**Input material**
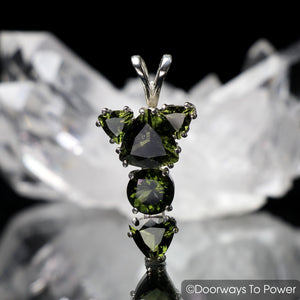 Faceted Moldavite Gemstones Pendant 'The Winged Sun RA' Protective Amulet
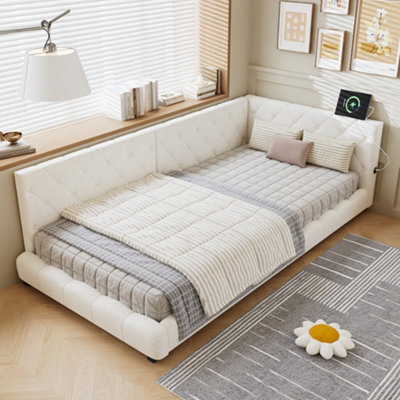 Btm 3Ft Single Upholstered Bed With Side Rails Dual Headboards Boucle 90X190Cm Beige from B&Q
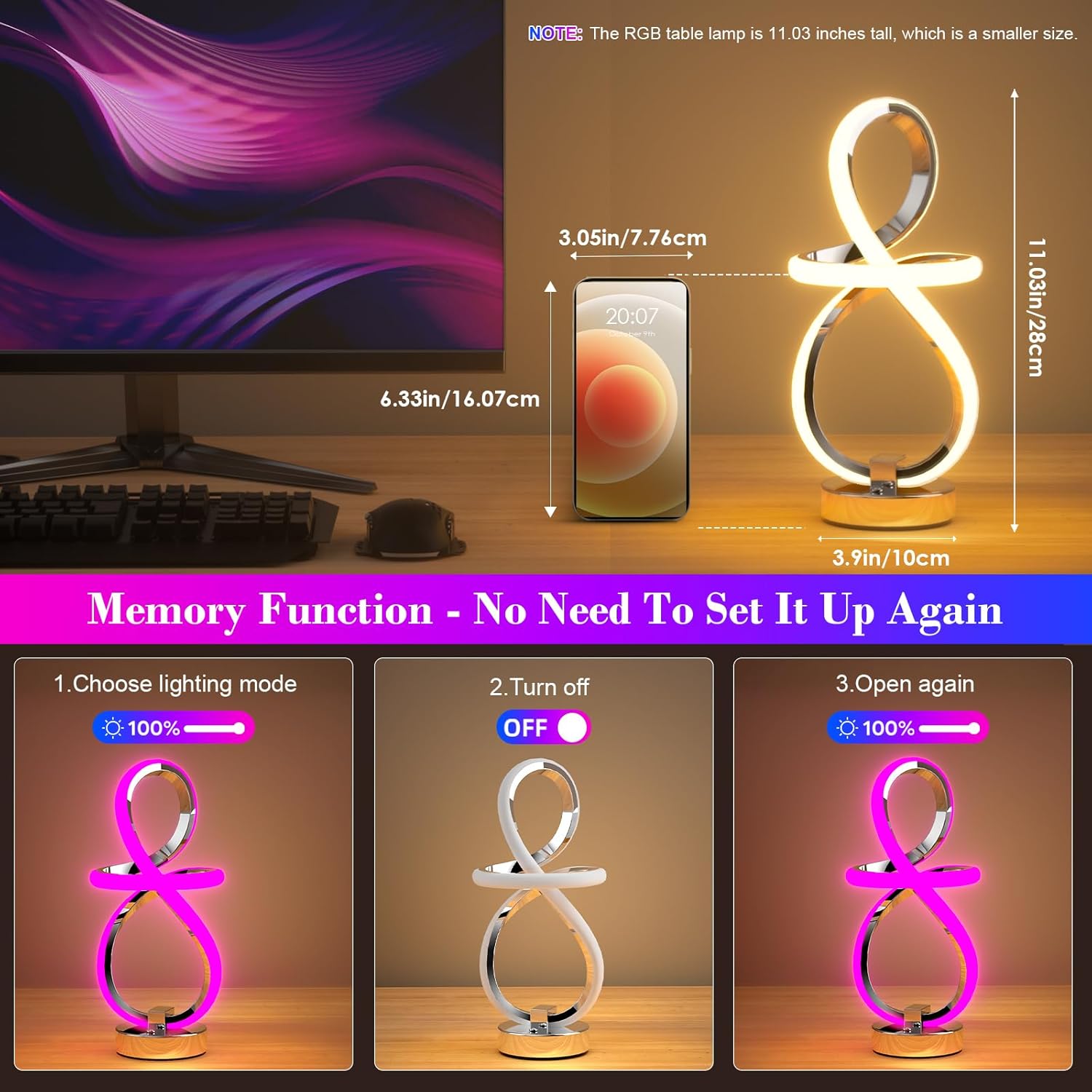 Modern Table Lamps, 3 Levels Dimmable Spiral LED Lamp with Memory Function, Touch & Remote Control Bedside Lamp with 16 Modes, RGB Color Changing Lamp Decoration Bedroom, Christmas Gift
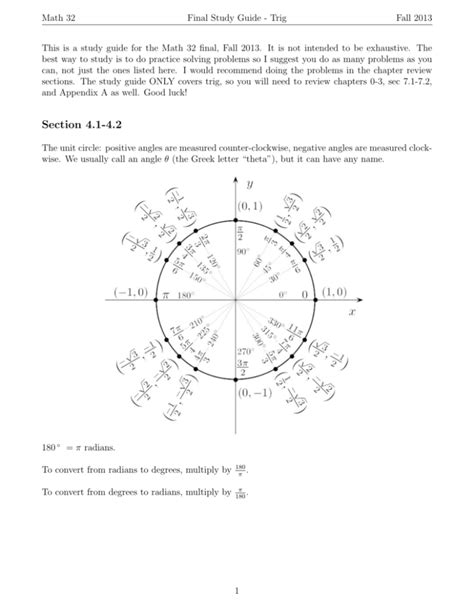 Read Online Compass Trigonometry Study Guide 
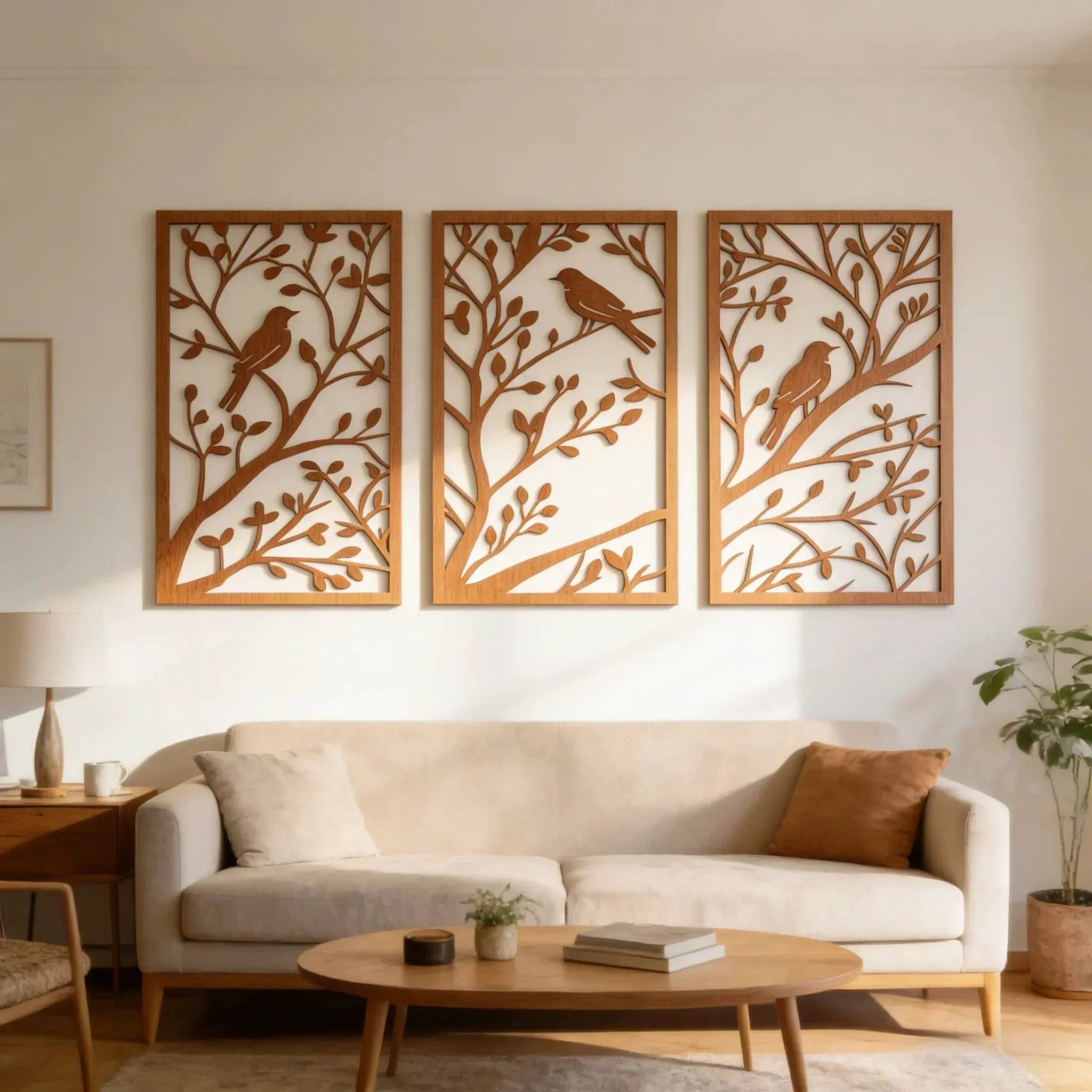 Rustic Wood Branch with Birds Wall Art by House Of Avana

**How to complete this task**
Output the records above in their entirety and exactly, leaving out all images.

**Written response**
 Faceted Moldavite Gemstones Pendant 'The Winged Sun RA' Protective Amulet
 Btm 3Ft Single Upholstered Bed With Side Rails Dual Headboards Boucle 90X190Cm Beige from B&Q
 Modern Table Lamps, 3 Levels Dimmable Spiral LED Lamp with Memory Function, Touch & Remote Control Bedside Lamp with 16 Modes, RGB Color Changing Lamp Decoration Bedroom, Christmas Gift
 Read Online Compass Trigonometry Study Guide 
 Rustic Wood Branch with Birds Wall Art by House Of Avana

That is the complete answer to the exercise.